** Dataset records follows **

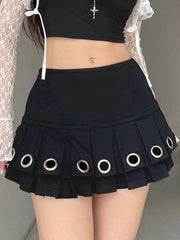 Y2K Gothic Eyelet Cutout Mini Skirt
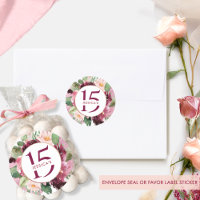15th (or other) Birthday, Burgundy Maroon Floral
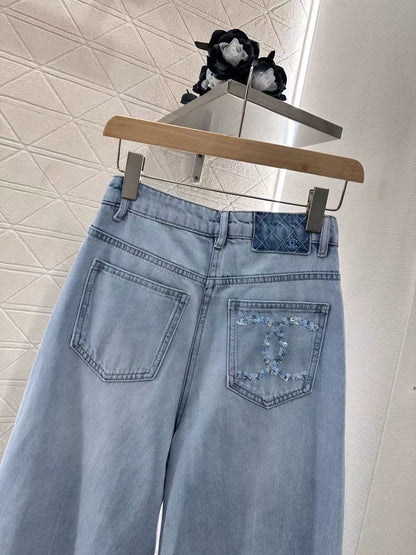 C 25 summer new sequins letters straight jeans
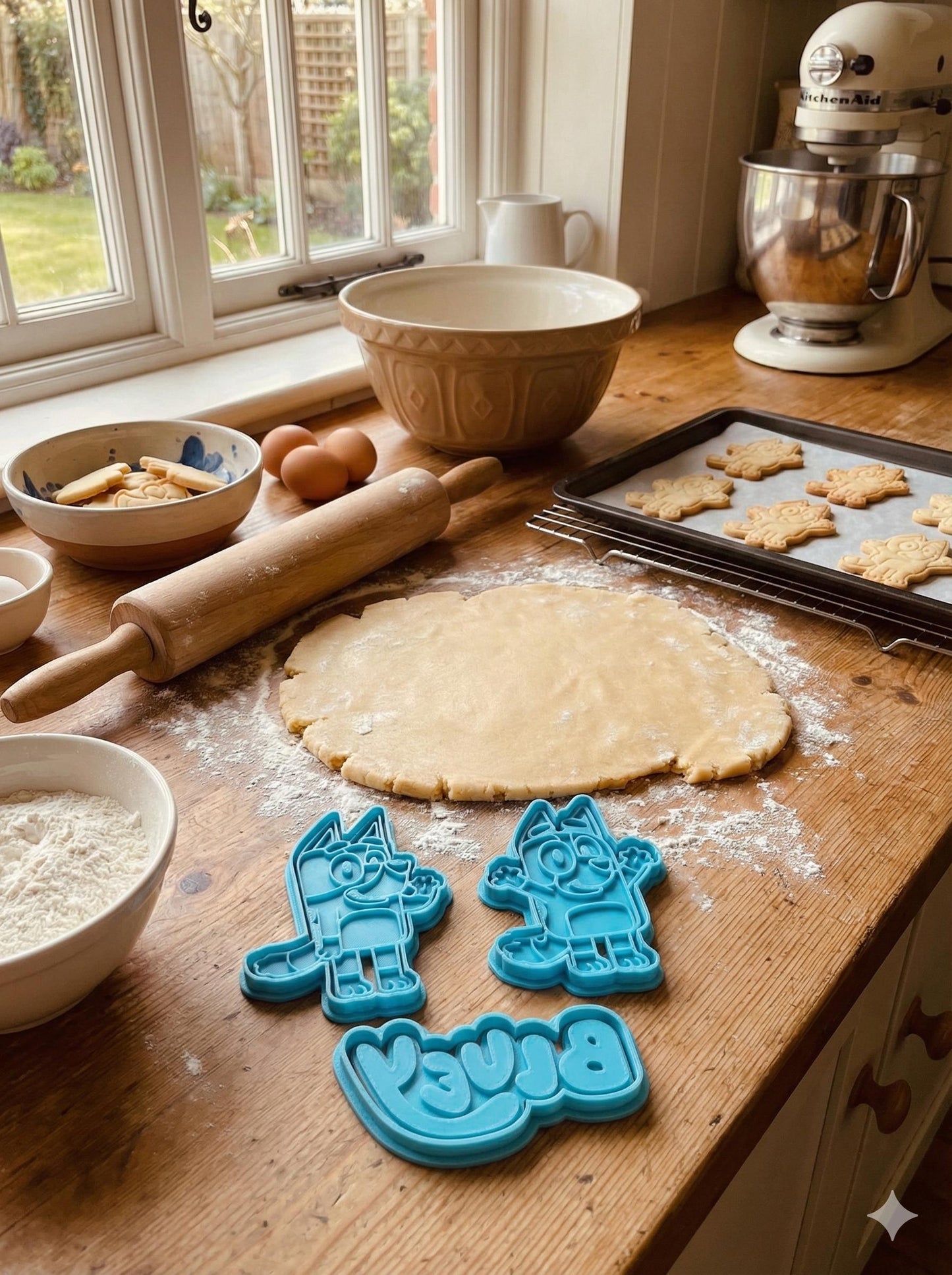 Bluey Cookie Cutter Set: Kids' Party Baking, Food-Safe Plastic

** End of Dataset records **
** Dataset records follows **

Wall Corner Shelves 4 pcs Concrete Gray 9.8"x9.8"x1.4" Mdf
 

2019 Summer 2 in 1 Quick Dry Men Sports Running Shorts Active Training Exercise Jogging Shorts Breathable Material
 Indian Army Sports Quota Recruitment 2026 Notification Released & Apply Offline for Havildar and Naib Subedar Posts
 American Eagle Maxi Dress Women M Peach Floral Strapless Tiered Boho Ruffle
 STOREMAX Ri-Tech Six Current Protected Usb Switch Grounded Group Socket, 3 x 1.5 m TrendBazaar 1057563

** End of Dataset records **

**Task description:**
Make an exact copy of the lines above, beginning with the line with "15th (or other)" and ending with the line with "Bluey Cookie Cutter", and keep the pictures out of it.

**Solved problem:**
15th (or other) Birthday, Burgundy Maroon Floral
 C 25 summer new sequins letters straight jeans
 Bluey Cookie Cutter Set: Kids' Party Baking, Food-Safe Plastic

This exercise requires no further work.